Tidak hanya digunakan untuk hujan saja, tetapi perlu dipahami bahwa payung juga untuk memberikan perlindungan sinar matahari. Sadarilah, kebutuhanmu akan hal itu, sehingga kamu tidak menyesal nantinya, situasi saat ini tidak lagi sama dengan masa lalu. Dimana berpanas-panasan tanpa apa pun merupakan hal biasa, kini tidak lagi, sinar matahari sudah berbahaya. Semisal pun tidak membutuhkan payung, setidaknya tahan untuk tidak berkomentar dan cukup pengertiannya saja.
Aku mengerti, bisa jadi mereka yang mengejek, belum teredukasi. Di sini aku melihat, media yang memberitakan cuaca atau pun yang mengedukasi masyarakat tentang hal itu masih sedikit. Meski sosial media terus meroket penggunaannya, sayangnya berita-berita yang penting seringnya kalah hits dengan berita-berita yang bersifat dramatis dan lainnya.

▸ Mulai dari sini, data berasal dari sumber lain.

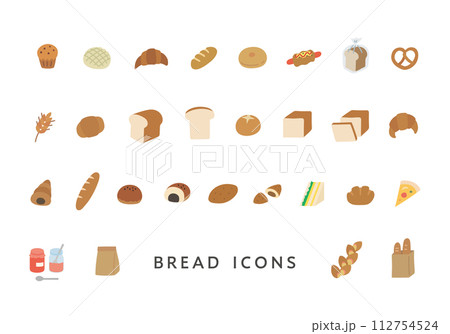 いろんなパンのアイコンセット(フラット) いろんなパンのアイコンセット(フラット) 112754524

Berita mengenai cuaca sendiri, bisa diakses melalui twitter-nya BMKG. Di luar negeri, pemberitaan cuaca hampir selalu ditampilkan di televisi pada waktu prime time, sehingga aku berharap Indonesia juga memulai itu. Bahkan di Jepang sendiri, setiap kondisi ekstrem, penduduknya langsung mendapat informasi melalui text pada handphone masing-masing. Seperhatian itu pemerintah Jepang terhadap masyarakatnya. Oleh karena itu, Pemerintah Indonesia, berikanlah akses kepada BMKG misalnya, untuk siaran rutin di televisi, maupun akses broadcast melalui sms atau whatsapp.
Sesungguhnya ketika menulis ini, aku masih kesal ya dengan ejekan orang-orang yang aku temui di jalan ketika melihatku berpayung di bawah terik matahari, tetapi menyadari mungkin mereka belum teredukasi, aku menahan untuk membela diri. Aku harap dengan aku menulis ini, ada waktu bagi mereka yang mengejek untuk membaca sebentar dan tersadarkan bahwa menggunakan payung walau tidak hujan, bukanlah praktik yang aneh, melainkan praktik baru yang harus mulai dibiasakan sebagai pentingnya perlindungan diri di cuaca suhu ekstrem panas ini di Indonesia.
Referensi:
[1] https://makassar.antaranews.com/berita/504909/bmkg-prakirakan-cuaca-panas-terik-berlangsung-sampai-oktober-2023
[2] https://hariane.com/indeks-sinar-uv-7-oktober-2023-diprediksi-ekstrem-melanda-hampir-seluruh-wilayah-indonesia
[3] D'Orazio J, Jarrett S, Amaro-Ortiz A, Scott T. UV radiation and the skin. Int J Mol Sci. 2013 Jun 7;14(6):12222-48. doi: 10.3390/ijms140612222. PMID: 23749111; PMCID: PMC3709783.